Information reaching T&T Guardian is that concerns on the proposed runoff poll were raised in Cabinet weeks ago -  ahead of announcement of the plan in Parliament on Monday - and up to Thursday also. Hodge was part of the CRC which made constitutional reform recommendations, holding public consultations since last year. A report was submitted in December 2013 and an addendum to the report on July 18. 

The CRC, headed by COP leader Prakash Ramadhar, also included Madam Justice Amrika Tiwary-Reddy, Justice Sebastian Ventour, Dr. Hamid Ghany and Tobagonian business entrepreneur Carlos Dillon. 

In Monday’s address to Parliament on the constitutional reform proposals, Prime Minister Kamla Persad-Bissessar  said matters for CRC consideration included limitations on terms of service by the prime minister, a right of recall in respect of non-performing Parliamentary representatives, “respecting the voices of the minorities whilst giving effect to the will of the majority, making every vote count” and also for provision for fixed dates for general elections.

Persad-Bissessar on Monday also announced proposed legislation, to be debated in Parliament Monday, concerning two-term limits for prime ministers, right of recall for MPs and the runoff poll system to apply where candidates received less than 50 per cent of votes cast. The issue triggered negative feedback from various quarters, including the Opposition.

Some quarters of the public have argued that the runoff pool proposal will in fact further entrench a two-party system and kill off the chances of small parties like the Independent Liberal Party (ILP), Movement for Social Justice (MSJ) and even the COP. In a letter to the media Thursday night, Hodge said the runoff proposal was in not in the PP’s manifesto, or in main constitutional reform consultations around T&T, or the Commission’s report. 
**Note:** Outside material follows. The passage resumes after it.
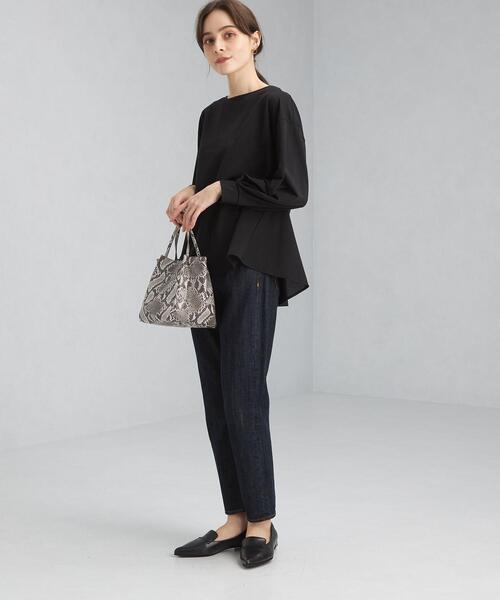 green label relaxing(グリーンレーベルリラクシング)の「バックフレア ロングスリーブ プルオーバー カットソー(Tシャツ/カットソー・レディース・ブラック/オリーブ/コバルトブルー・FREE)」の8枚目の写真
Disassociating herself from the particular proposal, Hodge added, “What the current discussion proves is that before it is taken to the final stage in Parliament, this Bill needs more and deeper scrutiny by the public, nationwide, over a longer period than one week.” Yesterday, CRC member Dillon also echoed the call to Government to hold off on debate.

2nd CRC member wants hold on move
Constitutional Reform Commission (CRC) member Carlos Dillon has become the second member of the body calling on Government to hold its hand on the Constitution (Amendment) Bill 2014. In a statement yesterday, Dillon said as a member of the commission, whose remit was to “co-ordinate the consultation sessions” throughout the country and to submit a report, he took responsibility for the report, which was subsequently put out for public comment.
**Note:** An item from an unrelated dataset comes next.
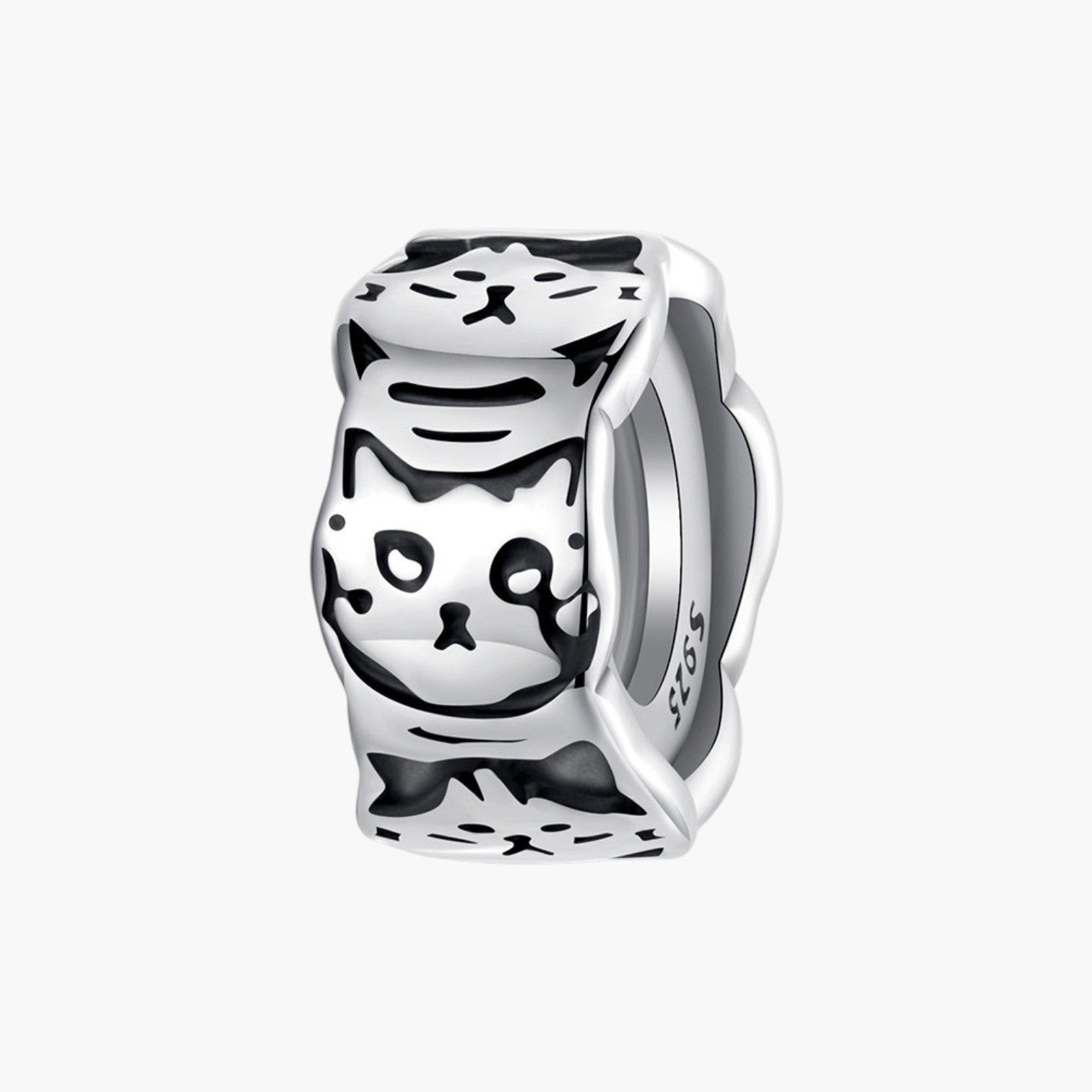 Charm Gatinho em Prata de Lei 925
Dillon added, “In my view, the main concerns of the citizenry at this time include the right of recall of an MP, the methodology to be used for putting proportional representation into effect and the timing of bringing the bill to Parliament. “The right of recall of an MP and the question of proportional representation were indeed raised by the public during the consultations and are reflected in the report. 

“However, the methods of putting the right of recall and the methodology for effecting PR were not part of the public discussion, for acceptance/rejection.” Dillon said the timing of bringing the bill to Parliament was not the function of the commission. “As a consequence of the furore surrounding the bill,” he suggested, “good sense should prevail and that the timing of debate on such a most important matter be looked at again.”

CRC member Amrika Tiwary-Reddy, declining comment on the public debate yesterday, said she considered the CRC’s job done. She said the CRC had listened to the public’s responses and many meetings were held. Any queries should be addressed to the CRC chairman Prakash Ramadhar, she said. CRC members Dr Hamid Ghany and Justice Sebastien Ventour could not be reached for comment yesterday.